To calculate the standard deviation of the given data, we will first need to find the mean (average) of the values and then use it to find the variance and subsequently the standard deviation.
Step 1: Calculate the Mean
The values and their corresponding frequencies are:
- Value -3 has 1 observation.
- Value -2 has 2 observations.
- Value -1 has 3 observations.
- Value 0 has 2 observations.
- Value 1 has 1 observation.
To find the mean, we first calculate the total sum of the values multiplied by their frequencies and divide by the total number of observations.
Calculating the total sum:
\[ \text{Total Sum} = (-3 \times 1) + (-2 \times 2) + (-1 \times 3) + (0 \times 2) + (1 \times 1) \] \[ = -3 + (-4) + (-3) + 0 + 1 = -9 \]
Calculating the total number of observations:
\[ \text{Total Observations} = 1 + 2 + 3 + 2 + 1 = 9 \]
Now, calculate the mean:
\[ \text{Mean} = \frac{\text{Total Sum}}{\text{Total Observations}} = \frac{-9}{9} = -1 \]
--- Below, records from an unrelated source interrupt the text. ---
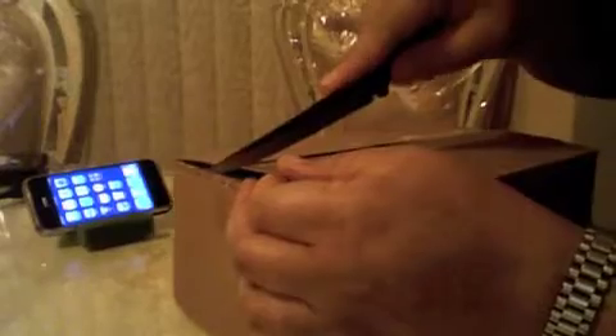Hey guys, this is my big unboxing for 2011. I figured I wanted to start the year off right and have something special to unbox for you. From the title you've got an idea of what's in this box, but it's always good to see a live unboxing. I just got this package minutes ago and I'm here to share the moment with you all.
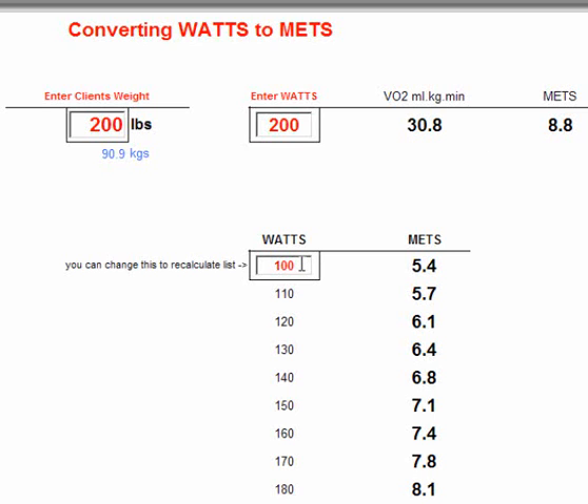The bottom part of this form is a chart that you can use based on this 200-pound person. You can put any starting Watts here — we can go as low as perhaps 80 Watts — and it gives you the MET values at all the different levels of Watts. This would be quite a useful chart to print out. Put in the starting Watts based on the lowest exercise intensity you want the person to work at, and then compare different levels of effort against their MET equivalent.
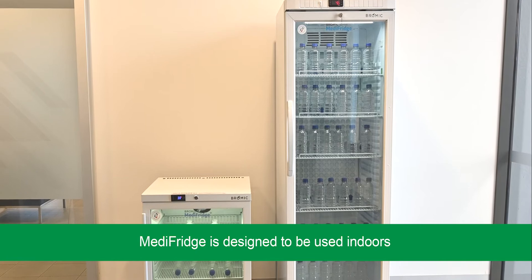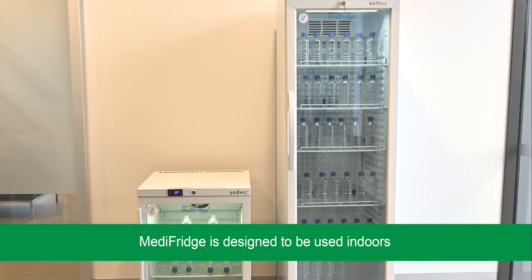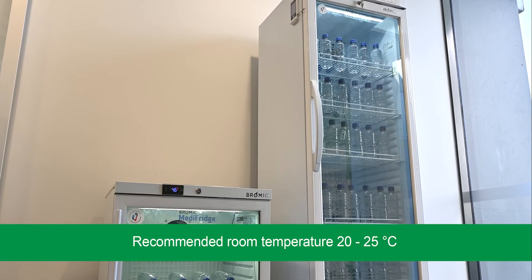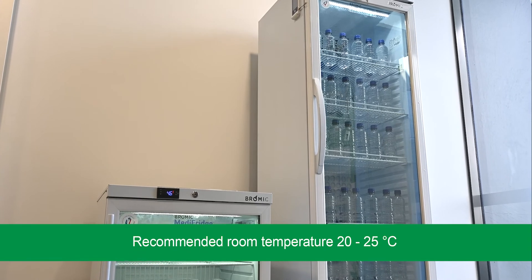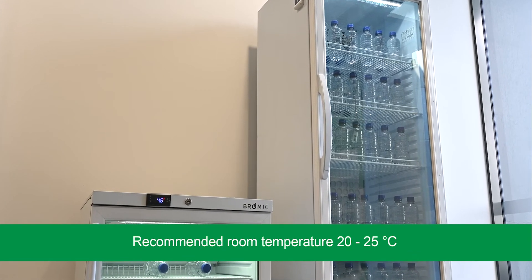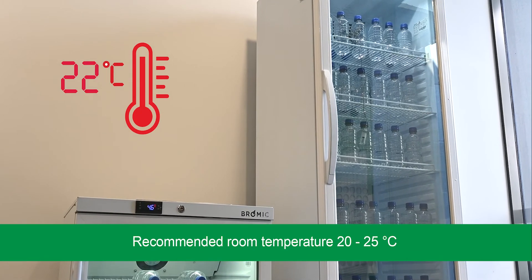Ambient conditions. Your Medi-Fridge is designed to be used indoors in an environment of no higher than 30 degrees Celsius. A room temperature higher than this may negatively affect your Medi-Fridge's ability to maintain the safe temperature range of 2 to 8 degrees inside the unit. For best performance, we recommend keeping the room temperature between 20 to 25 degrees Celsius.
Step 2: Calculate the Variance
The variance is calculated using the formula:
\[ \text{Variance} = \frac{\sum (x_i - \text{mean})^2 \cdot f_i}{N} \]
Where:
- \(x_i\) = value
- \(f_i\) = frequency of each value
- \(N\) = total number of observations
Now, we calculate \( (x_i - \text{mean})^2 \cdot f_i \) for each value:
-
For \(x_1 = -3\): \[ (-3 - (-1))^2 \cdot 1 = (-3 + 1)^2 \cdot 1 = (-2)^2 \cdot 1 = 4 \cdot 1 = 4 \]
-
For \(x_2 = -2\): \[ (-2 - (-1))^2 \cdot 2 = (-2 + 1)^2 \cdot 2 = (-1)^2 \cdot 2 = 1 \cdot 2 = 2 \]
-
For \(x_3 = -1\): \[ (-1 - (-1))^2 \cdot 3 = (0)^2 \cdot 3 = 0 \cdot 3 = 0 \]
-
For \(x_4 = 0\): \[ (0 - (-1))^2 \cdot 2 = (0 + 1)^2 \cdot 2 = (1)^2 \cdot 2 = 1 \cdot 2 = 2 \]
-
For \(x_5 = 1\): \[ (1 - (-1))^2 \cdot 1 = (1 + 1)^2 \cdot 1 = (2)^2 \cdot 1 = 4 \cdot 1 = 4 \]
Adding all these values together for the variance:
\[ \sum (x_i - \text{mean})^2 \cdot f_i = 4 + 2 + 0 + 2 + 4 = 12 \]
Now we calculate the variance:
\[ \text{Variance} = \frac{12}{9} \approx 1.3333 \]
Step 3: Calculate the Standard Deviation
The standard deviation is the square root of the variance:
\[ \text{Standard Deviation} = \sqrt{\text{Variance}} = \sqrt{1.3333} \approx 1.1547 \]
Final Answer
Calculating to the nearest hundredth:
The standard deviation is approximately 1.15.